Additional on Streeter
- "Nevertheless, to the attractive hypothesis that the original Mark lacked the section vi.53-viii.21, there are two very formidable objections."
This I read with care, since this would be my suggestion. But it seems his two objections are easily answered if the author of both the first and second editions of Mark was the same person or group. First, the style and content of the omission does not seem different than the rest of Mark. My statistical investigations concur with this finding. However, if the same author produced both, we would expect this.

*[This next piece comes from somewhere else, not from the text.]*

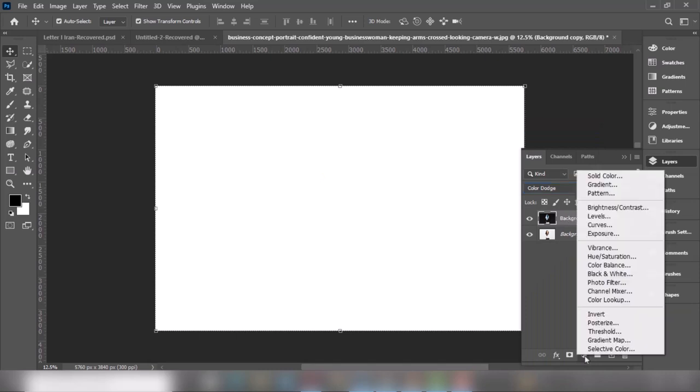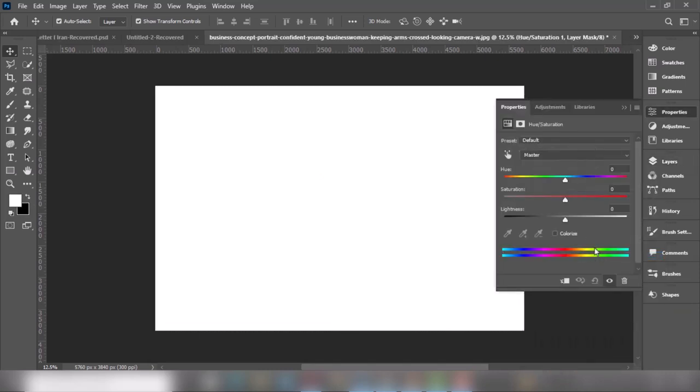Go to the adjustment layer and choose Hue/Saturation. Set the saturation to minus 100.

His second objection involves the ending of Mark, and at least in this section he is pre-supposing that the ending of Mark is damaged. I'd note that if we are already convinced the ending of Mark is damaged then we are pre-disposed toward accepting other damage. If we are not so convinced then we are less disposed to the damage hypothesis.
Streeter argues that any second version of Mark would surly have `fixed' the ending. But if the author of the first and second versions was the same, and if the ending originally seemed satisfactory to him, then it is quite reasonable to suppose that the ending remains satisfactory.
Also, one would suppose that the source of both of these damages was the same. If so then why do we and Matthew have the great omission available to us, but not the lost ending of Mark? This seems to suggest two separate instances of damage, but if that is the case, then the idea of the great omission being due to damage loses most of the support it gained if we accepted the lost ending as being due to damage, since now we can no longer suppose one cause and one explanation for both.